Last night the sale’s highlights had strong market. The outstanding pair of ‘Rapa’ form Easter Island, in Polynesia, doubled the estimate and went sold for €3.876.700 (buyer’s premium included). The Rapa were dancing tools, “usually held in each hand, but from time to time [during the dance], one and sometimes both are discarded” (Thomson, “Te Pito te Henua, or Easter Island”, Annual Report of the Board of Regents of the Smithsonian Institution, 1891, p. 491 – quote from auction’s catalogue). Their minimal decoration, likely reminding Europeans of the typical medieval archways in architecture, jewellery, altar pieces or decorated book, is dramatically expressive. Similarly, a powerful Maori Pendant from Hei Tiki, New Zeland, fetched €27.500; the auction house estimated to sell it between €12.000 and 18.000. The piece had a solid provenance and was of an extraordinary quality, proving that it belonged to a mighty family. It is not for a case that Sotheby’s chose it as the first item to be auctioned and put it on exhibition beside the above mentioned pair of Rapa.
Also the indigo and red Lumbu figure from Gabon almost doubled the high estimate.
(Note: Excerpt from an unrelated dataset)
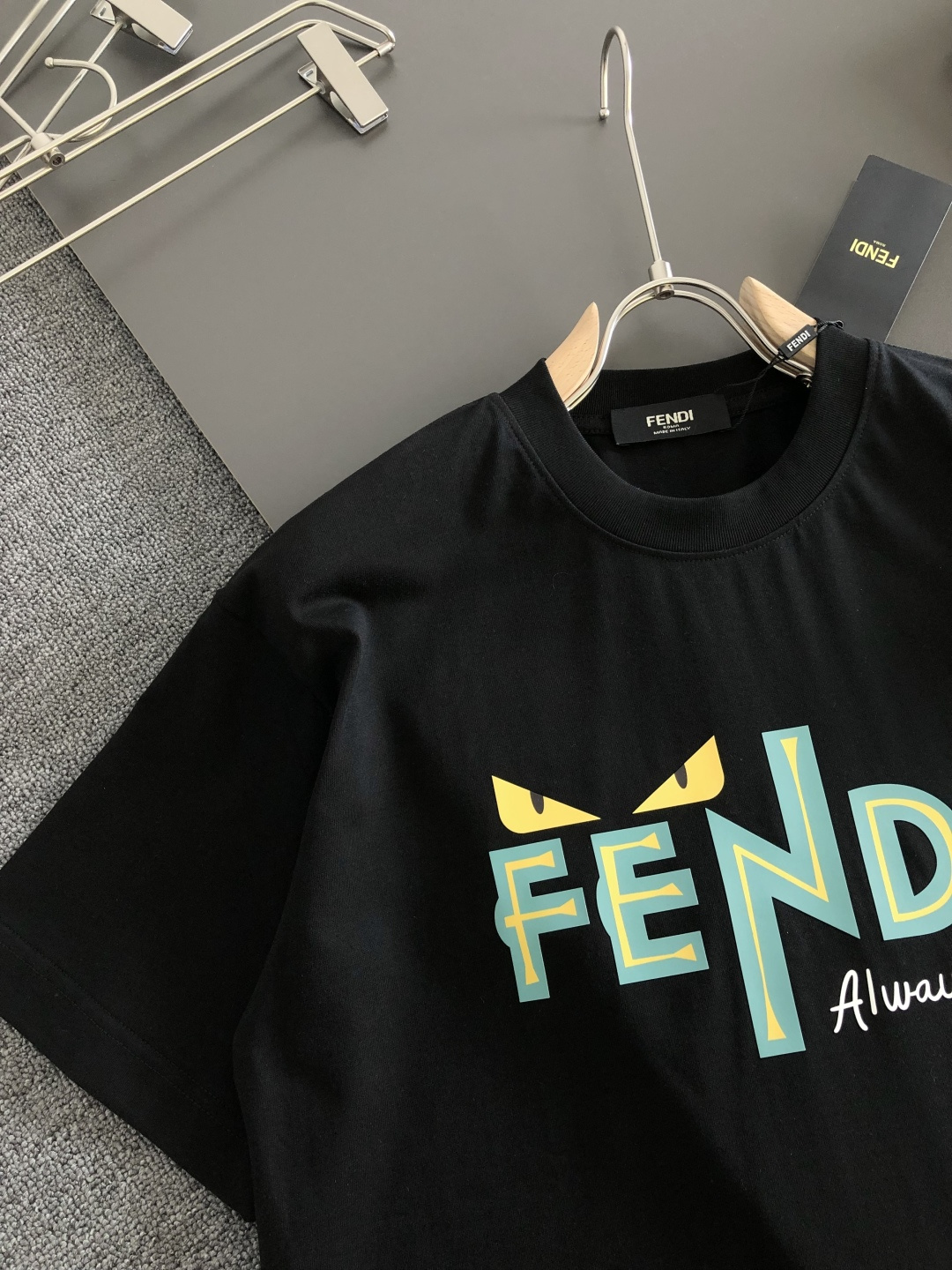 FD 2026SS早春新款重工刺绣工艺圆领T恤，定织定染双股280克重洗水面料，做工精细。男女同款宽松落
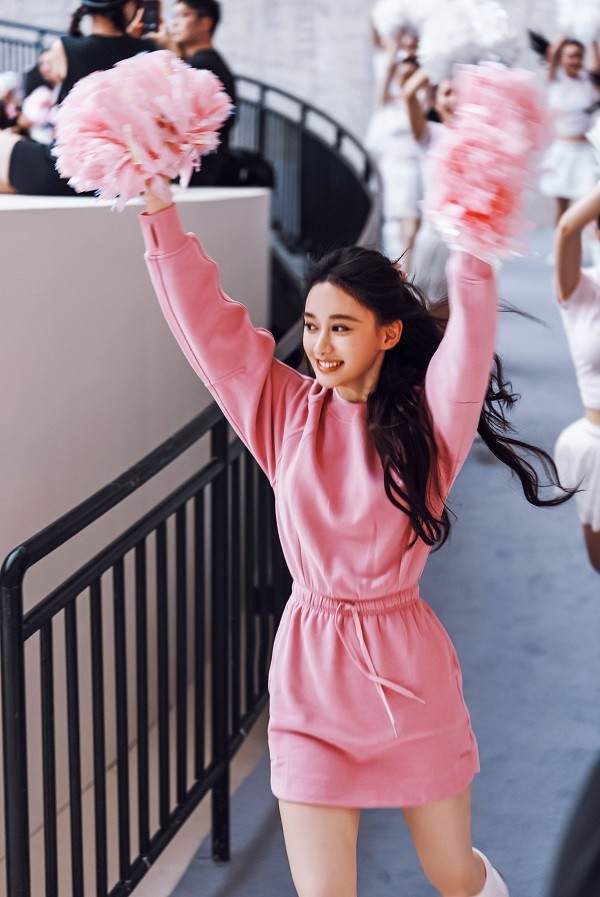 8-夏梦身着Scuba__ 连衣裙引领行进乐队.jpg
It sold for €175,000. ‘The Lumbu call chimpanzees nzighu – wrote art historian Charlotte Grand-Dufay in the auction catalogue –, and their sculptural interpretation reveals the unique ingenuity of the art of the Lumbu people and the cultural specificity of their style’. But that ingenuity didn’t prevent them from employing a reflecting material for the statue eyes and turning the chimpanzee into an iconic two legs entity that could easily find a place in a Bosch painting.
Oceanic clubs’ lovers may have noticed that the Vunikau Club from the Fiji Islands (Polynesia) went sold for €13,750 (estimate €6,000 – 9,000), while the Kota Helmet-Mask (Gabon) sold at €31,250, in the area of its low estimate. It was bought by writer and adventurer Daniel Henriot in Batouala exactly 50 years ago.
Among the pieces that last night didn’t find a buyer we would like to mention the We / Guere Mask, (Ivory Coast). Estimated to sell between €20.000 and 30.000 the piece was expressive and well preserved, but it couldn’t count on a provenance as strong as the above mentioned pieces, and probably that was the main problem. Despite expectations about African economy and African art market are high at the moment, and a generation of new collectors is emerging, also in this area the market is getting very selective and polarized. But this is a very good news indeed.